I thought some more about this question on my drive home from work (yes, I was blogging at work, but shhh, don’t tell anyone).
My thoughts about the origins of 9/11 are that Bushco at minimum got out of the way to let it happen. And it would be nice to have an open conversation about that.
But what I realized had resonated with me about K/O’s comment was that the grieving process was cut short. I know that for me, I was so sad after the event. Then, it seemed to me that within a few days, the country had moved on and was into revenge mode, ala Osama wanted dead of alive. I just couldn’t relate, I was still so sad. Then we were fighting in Afganistan and the next thing in Iraq. At that point, all us “lefties” had to go into protest mode.

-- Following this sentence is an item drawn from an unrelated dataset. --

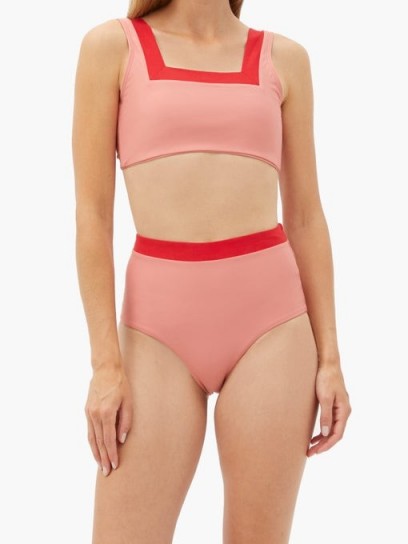 CASA RAKI Marina high-rise bikini briefs ~ pink retro swimwear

I’ve never been able to figure out if my response was mostly unique to me – the overwhelming saddness that didn’t translate quite so quickly into anger and revenge. But its that conversation that I’d like to have as well; the opportunity to identify what we lost that day (and though the lives lost were huge, there is so much more to our loss than that) and to grieve with my country.
as i see it: the essence of tyranny is the suppression of spontaneous knowing.
REMEMBER: the ‘heart’ is not simply an organ of feeling (in the traditional view) but the root of genuine cognition. to put it in the language of St. Augustine:
“Our task in this life is to restore to health the eye of the heart, by which God might be seen.”
try to see past the religious construct, if it offends you. what i mean to say is that to control people you must blind their hearts. if our task is to restore to health the eye of the heart, the tyrannical State’s survival depends upon our failure. the tyrannical State depends upon its ability to substitute fake feeling for real feeling. for it to succeed, we must not be strong enough to reject the difference.
here’s another angle: following 9/11 there was tremendous sympathy around the world for America. within America and around the world, people responded to the trauma by reaching out across boudaries to identify with a shared sense of humanity and humane value. what a terrible basis upon which to found a global War of Terror!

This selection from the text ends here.